■ Available data
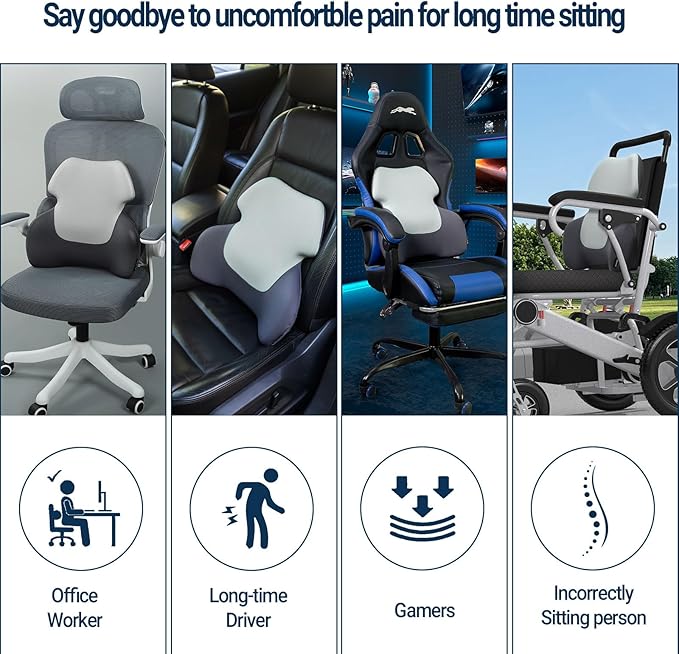 Long Back Lumbar Support Pillow - Fully Entire Back Support - Back Pain Relief and Posture Improved - Memory Foam Back Pillow Cushion for Office Chair, Gaming Chair, Recliner, Car Driving, Grey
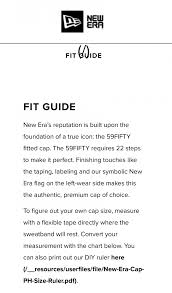 size chart new era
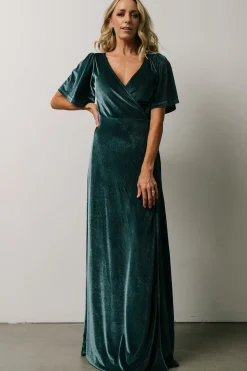 Discount Baltic Born Meghan Velvet Wrap Maxi Dress | Persian Blue PersianBlue
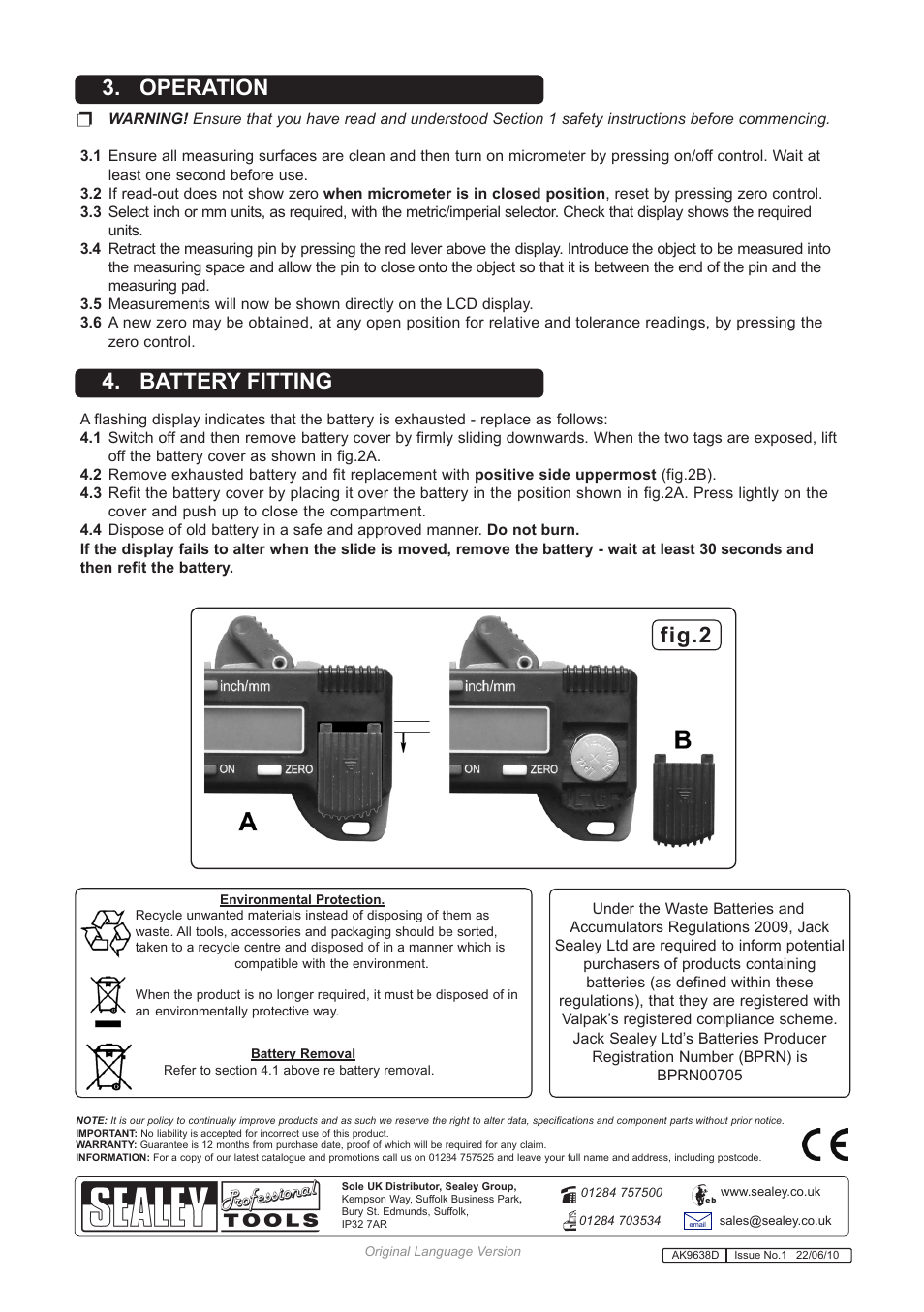 Operation 4. battery fitting, Fig.2 | Sealey AK9638D User Manual | Page 2 / 2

■ Exercise
Only the pictures are dropped when you print the material; everything else is copied exactly.

■ Exercise answer
 Long Back Lumbar Support Pillow - Fully Entire Back Support - Back Pain Relief and Posture Improved - Memory Foam Back Pillow Cushion for Office Chair, Gaming Chair, Recliner, Car Driving, Grey
 size chart new era
 Discount Baltic Born Meghan Velvet Wrap Maxi Dress | Persian Blue PersianBlue
 Operation 4. battery fitting, Fig.2 | Sealey AK9638D User Manual | Page 2 / 2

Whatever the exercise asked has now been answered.